We can model some of these factors pretty well, but for others we will need to make an educated guess. So here goes. (The chart below uses the same methodology as the monthly waiting times analyses at organisation and specialty level.)

Single queue, current urgency rate

In the chart, the red line with the long tail is the actual English waiting list. The blue line shows the list as a simple queue with a 9.4 week wait for everyone. Then the green line and symbols show our model: it’s what the English waiting list would look like if it were managed well as a single queue, allowing for clinical priorities and disruption.

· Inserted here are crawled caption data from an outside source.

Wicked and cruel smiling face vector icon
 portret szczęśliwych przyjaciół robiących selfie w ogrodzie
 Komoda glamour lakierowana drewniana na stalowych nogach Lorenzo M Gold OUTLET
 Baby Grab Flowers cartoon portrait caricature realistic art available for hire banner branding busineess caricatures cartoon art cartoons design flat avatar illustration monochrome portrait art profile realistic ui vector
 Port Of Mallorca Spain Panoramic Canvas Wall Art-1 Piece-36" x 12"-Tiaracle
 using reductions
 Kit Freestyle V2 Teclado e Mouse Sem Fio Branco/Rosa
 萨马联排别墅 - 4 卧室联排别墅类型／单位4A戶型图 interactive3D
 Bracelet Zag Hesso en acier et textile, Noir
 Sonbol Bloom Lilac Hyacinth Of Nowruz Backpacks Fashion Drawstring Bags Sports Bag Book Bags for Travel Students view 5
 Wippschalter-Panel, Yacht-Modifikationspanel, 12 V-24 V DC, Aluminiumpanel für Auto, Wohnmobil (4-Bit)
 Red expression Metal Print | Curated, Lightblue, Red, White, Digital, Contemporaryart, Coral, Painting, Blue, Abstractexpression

The detailed assumptions are that: 1) The waiting list is managed as a single fully-booked queue. 2) Just over half the patients are urgent, because that is the proportion currently admitted within 62 days of referral; this overestimates urgency (probably a lot) but it’s valuable because it offsets the single-queue assumption. 3) About 15 per cent of patients are removed without treatment. 4) The RTT referral rate is 332,000 patients per week, estimated by extrapolating the waiting list back to the axis. A detailed explanation of the waiting times calculation method can be found here.

The model suggests that 92 per cent of the waiting list should be within 15.8 weeks (shown by the green triangle). In real life it was 16.3 weeks at the end of April, which is fairly close (and well inside the 18-week target).

Similarly, 93 per cent of treated patients should wait less than 19.6 weeks (shown by the green square); this is a combined estimate of the unadjusted admitted and non-admitted clock stops. We know that 90 per cent of unadjusted admissions were within 19.5 weeks in April (and adjusted admissions were bang on target at 18.0 weeks). Again this estimate is close to real life.

So our two big crude assumptions (a single queue, and current rates of admission within 9 weeks RTT) seem to be working together to give answers that are reasonably close to reality. Now we are ready to answer our original question: what are the risks of failing against the 18 week standards in the run-up to the General Election?

Both our model and the recent breaches suggest that the current list size is flirting with failure on the “adjusted admitted” measure, and needs to stay below 3.0 million for a clean 18-weeks record. We can also estimate that if the list grew as big as about 3.3 million then the “incomplete pathways” target would come under threat too.

Even if the elective care fund were to have no effect at all, the waiting list would probably not reach 3.3 million before the end of February 2015 (the last statistics snapshot before the election). So the incomplete pathways target looks pretty safe.

But can the waiting list be held below 3.0 million as the election approaches? That is more doubtful, so the adjusted admitted target looks set to remain at risk.

There is a further possibility. As the election approaches, there may be a particular focus on sustaining the adjusted admitted target. If that target’s perverse incentives come to the fore, and the NHS avoids treating long-waiters on a large scale, that would make an additional incomplete pathways breach more likely.

Whichever way you look at it, 18-week waits are set to be a real nail-biter.